So things around here have been a bit on the crazy side lately (understatement of the century). My husband and I have been battling family illnesses and changes on all fronts. Now, we are facing some challenging circumstances which directly affect us, our future, and our kids... and we are having a difficult time figuring out how best to handle things. 

I mentioned in my last post that I was feeling in a slump. I really was. Not being able to work out due to the weather, the illnesses, and other things really took a toll on me. Over the past couple of weeks though, my husband and I have been trying to spend more quality time together at least one night a week... no kids (at least they will be in bed), no tv, no computers, phones, etc. We have even resorted to playing board games or just sitting together snuggled up talking. This has done wonders for me, I have to say. Having some time to remember what things were like before they got so complicated is wonderful. It has also helped us strengthen our bond, which makes everything easier. 
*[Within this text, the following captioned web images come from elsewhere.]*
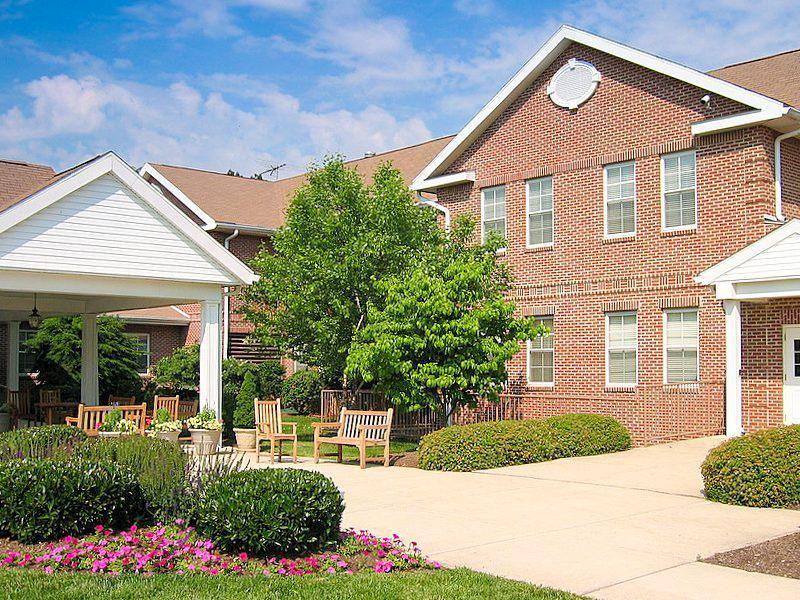 Hillhaven Assisted Living Nursing & Rehab Ctr - Gallery Image 2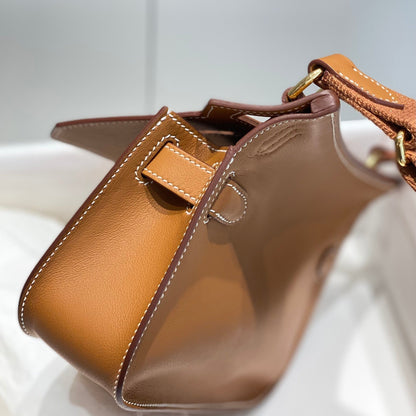 HM JYPSIERE SHOULDER BAG 23 IN TAWNY BROWN CALFSKIN GOLD HARDWARE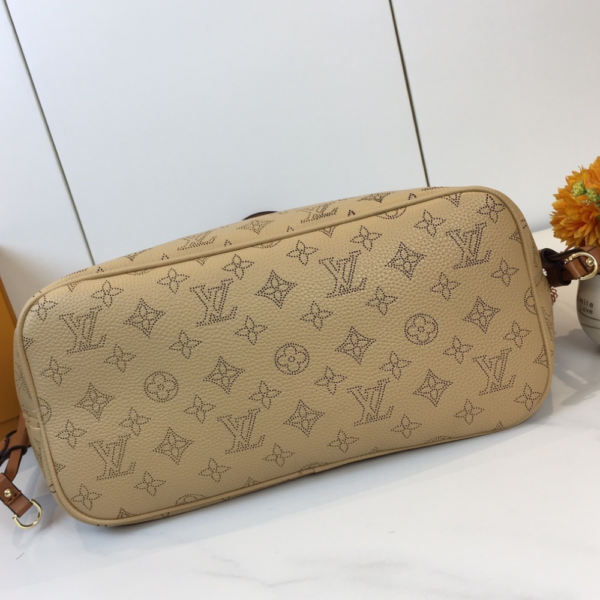 Louis Vuitton Neverfull Monogram Shearling Trim MM 12.2 Inches M56960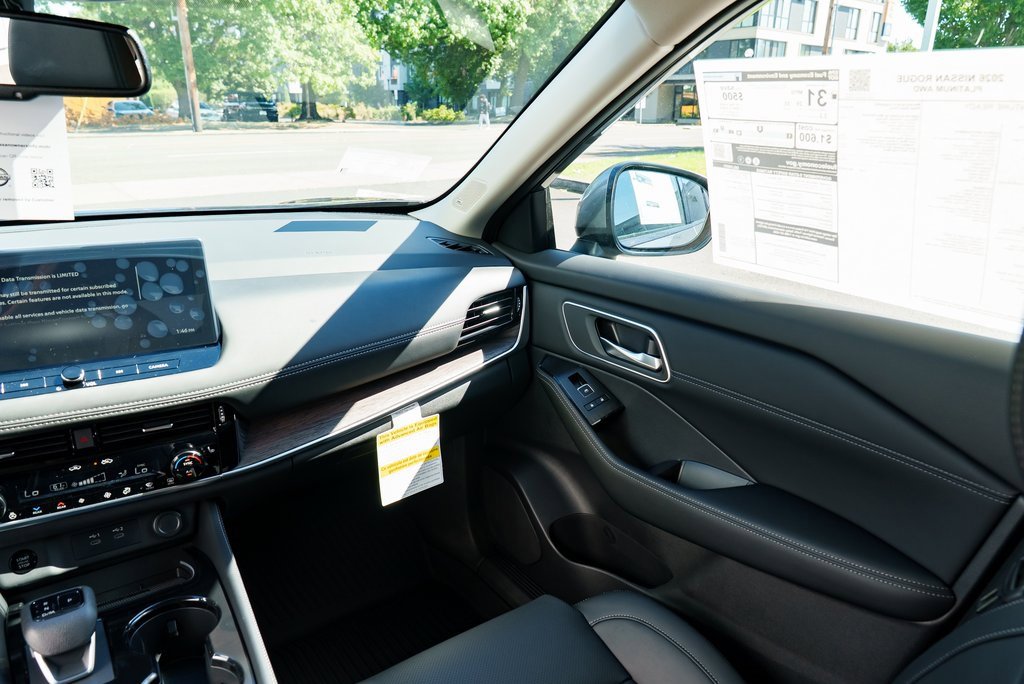 New 2026 Nissan Rogue Platinum image 10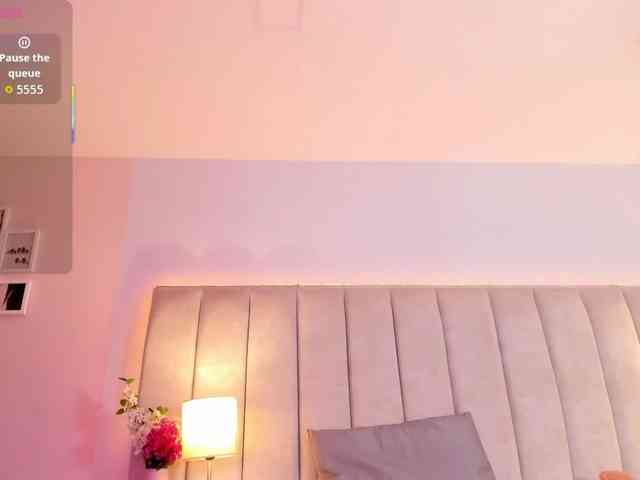 EllaThorne webcam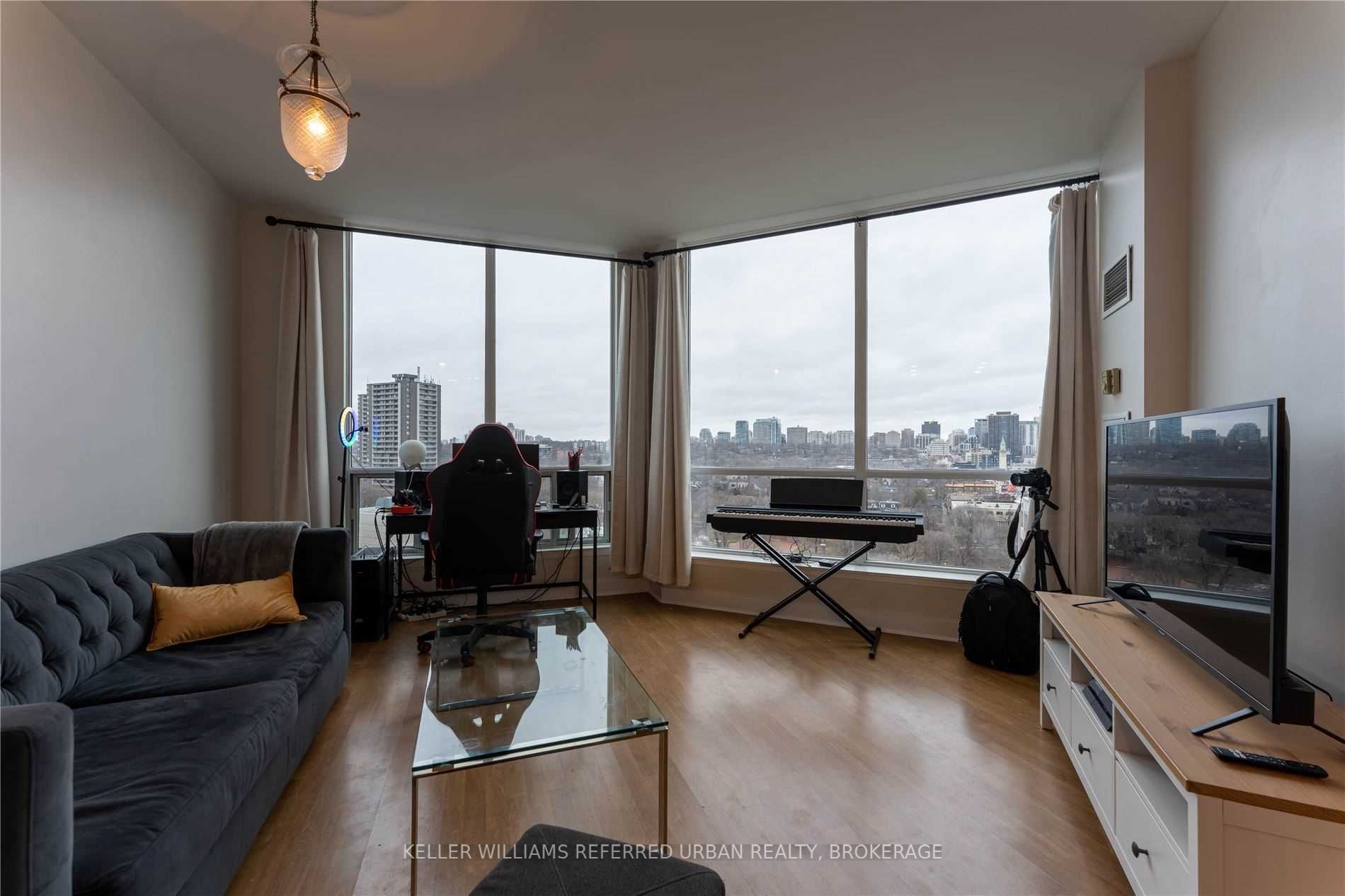 942 Yonge St, #Ph110
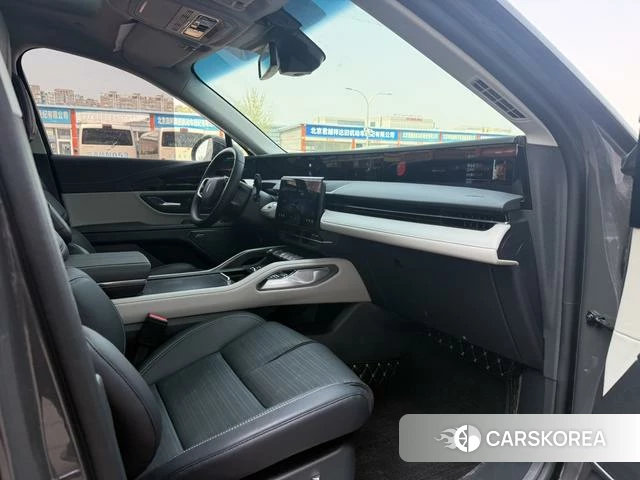 Lincoln Navigator id 3920698 из Китая 10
I have also decided to head up a team for the Promise Walk for Preeclampsia in June, on Lily's first birthday actually, which will be special. I've reached out to friends, family and even my healthcare providers for support. When I look back and realize how close we came to dying, and look at the statistics of how many people do die annually, I find myself feeling extremely blessed. 


Anyone who wants to hear more about our story, or show their support can view the following link:

This feeling also makes me realize that there must be a purpose for me in this world, or else, God would have allowed me to die. I still don't know what it is, but I'm trying to find it. It's hard to drown out the voices that have haunted you for so long and really determine what it is that you want to do, or where you want to go in life. I'm trying to branch out and get involved in more things around the community as well. Hoping that I can find my place in this great big world. 

For now, it's enough to know that I'm a most-loved wife, mother, and friend... and that I'm consistently evolving into the person that I'm supposed to be... even when I can't see it clearly.